-- Records for processing --
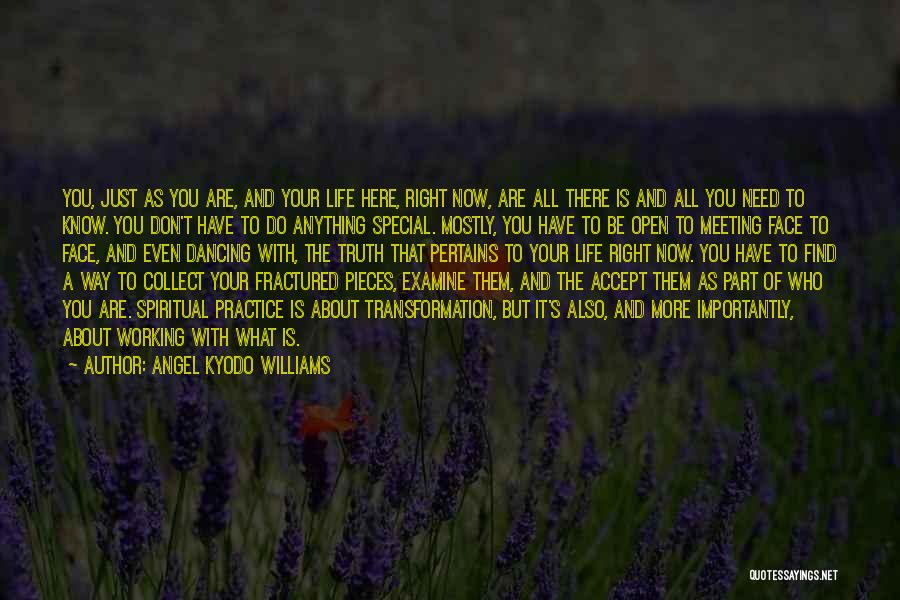 Pertains To Quotes By Angel Kyodo Williams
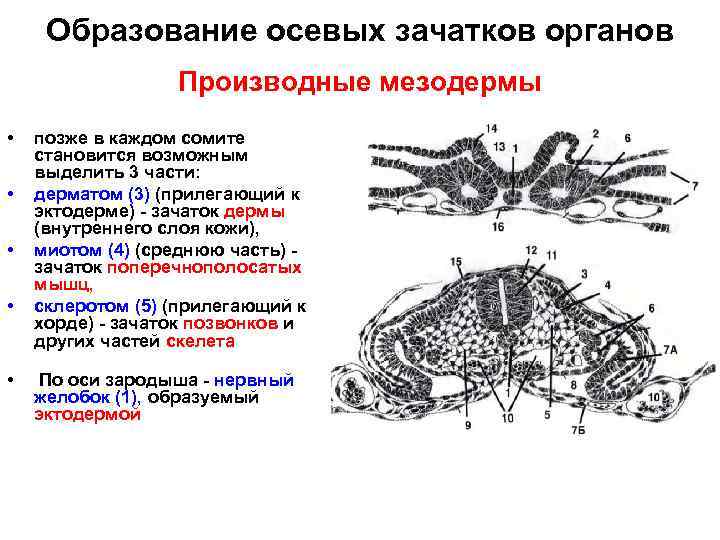 Образование осевых зачатков органов Производные мезодермы • • • позже в каждом сомите становится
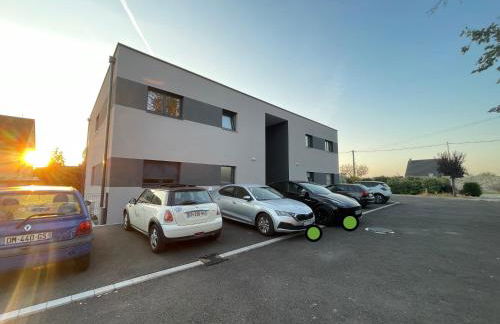 Colmar Appartement terrasse 10min centre ville - Foto 28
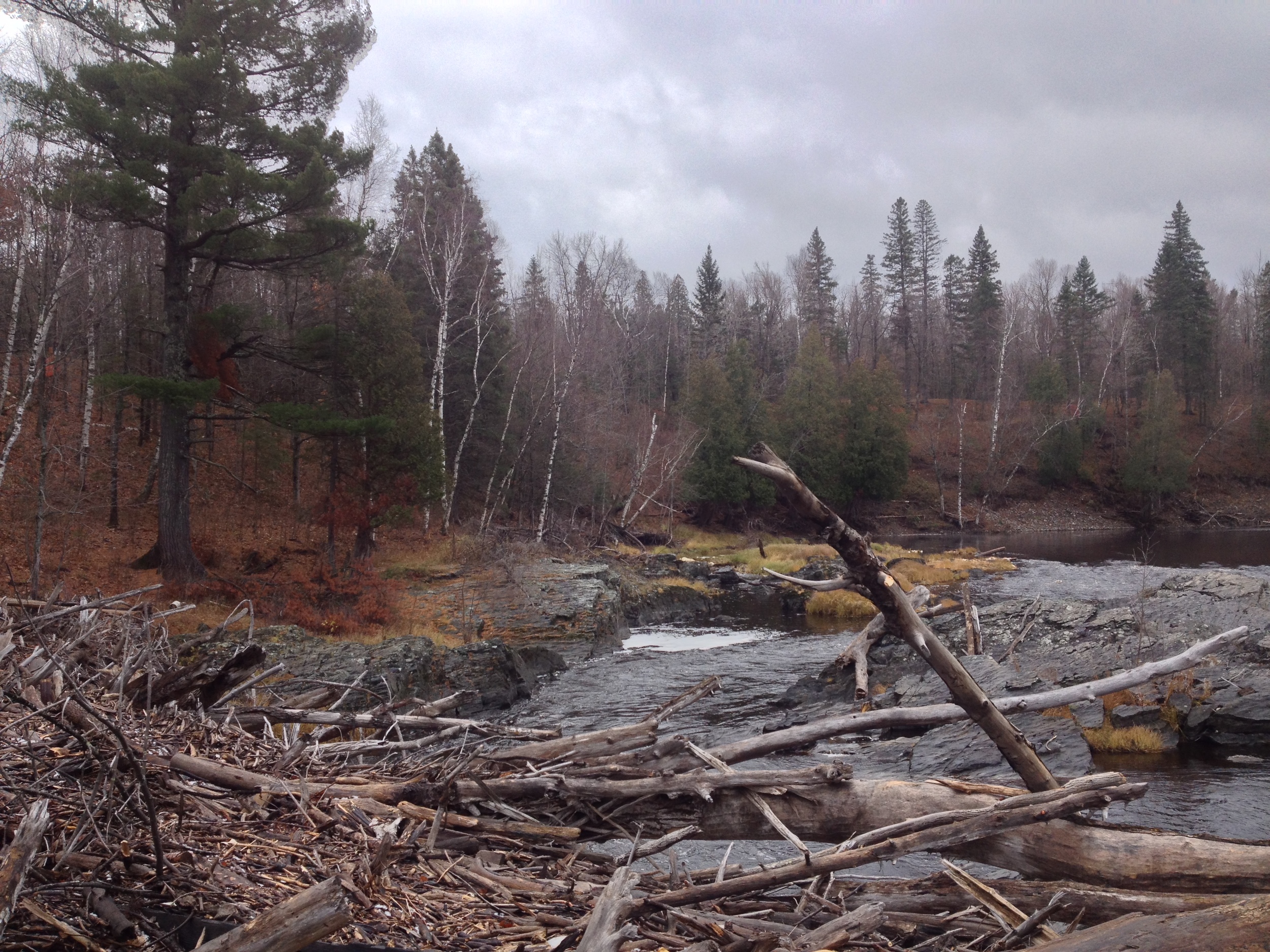 Flood Debris 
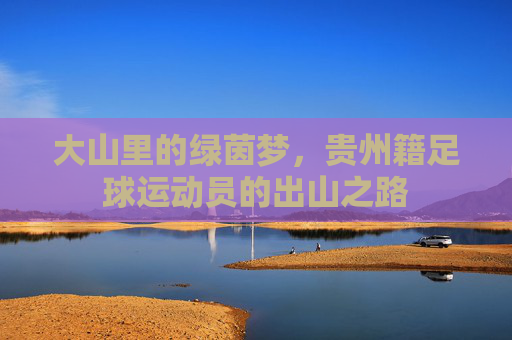 大山里的绿茵梦,贵州籍足球运动员的出山之路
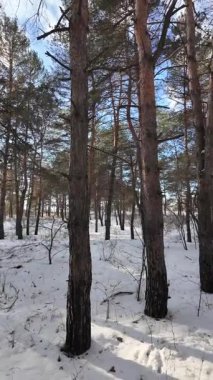Yavaş çekim videosu. Taze kar, uzun ağaç gölgeleri ve gövdeleri arasındaki altın ışık, berrak gökyüzünü, soğuk mevsim güzelliğini ve sakin doğayı gösteren huzurlu ormanlık alan..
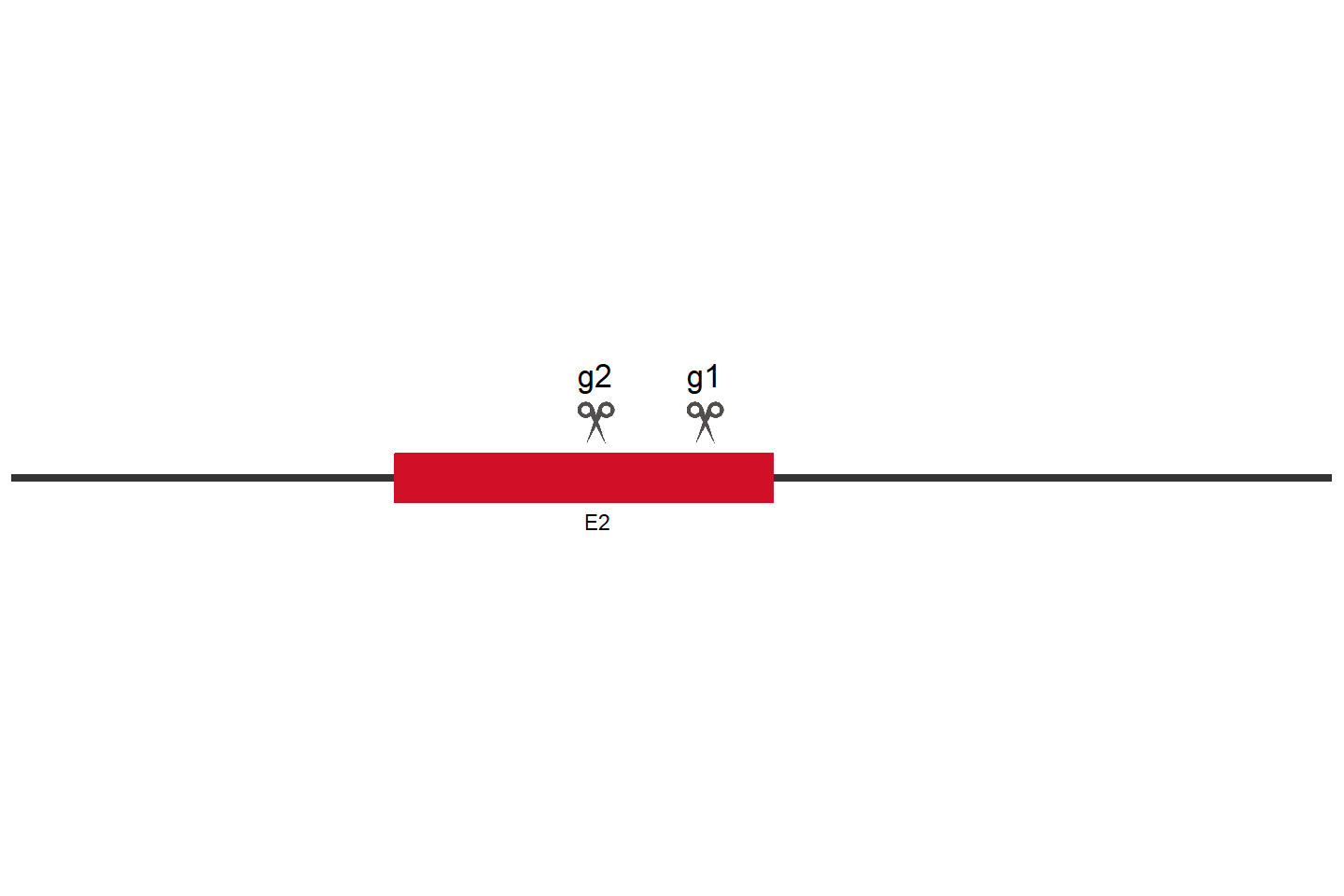 MMACHC Knockout cell line (HCT 116) Target region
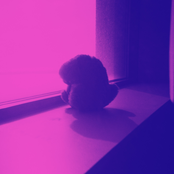 Remnants 2020 to 2023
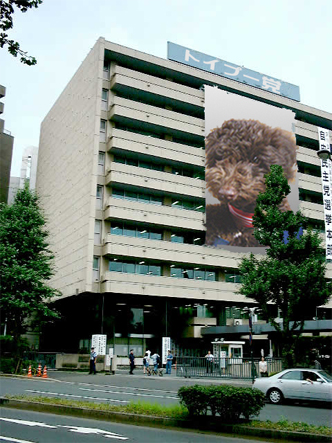 f0207970_0253519.jpg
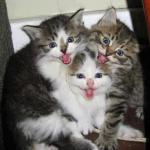 Happy kittens 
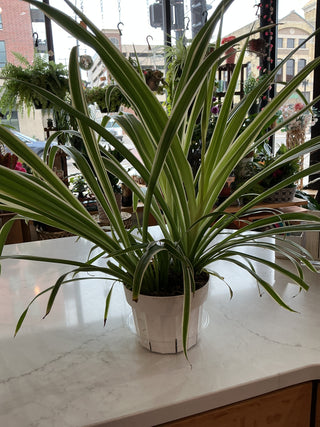 Spider - 6” plant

-- Aim of the exercise --
Only the lines from the one with "Remnants 2020 to 2023" through the final line of the entries above should be transcribed, exactly and without pictures.

-- Response to the task --
 Remnants 2020 to 2023
 f0207970_0253519.jpg
 Happy kittens 
 Spider - 6” plant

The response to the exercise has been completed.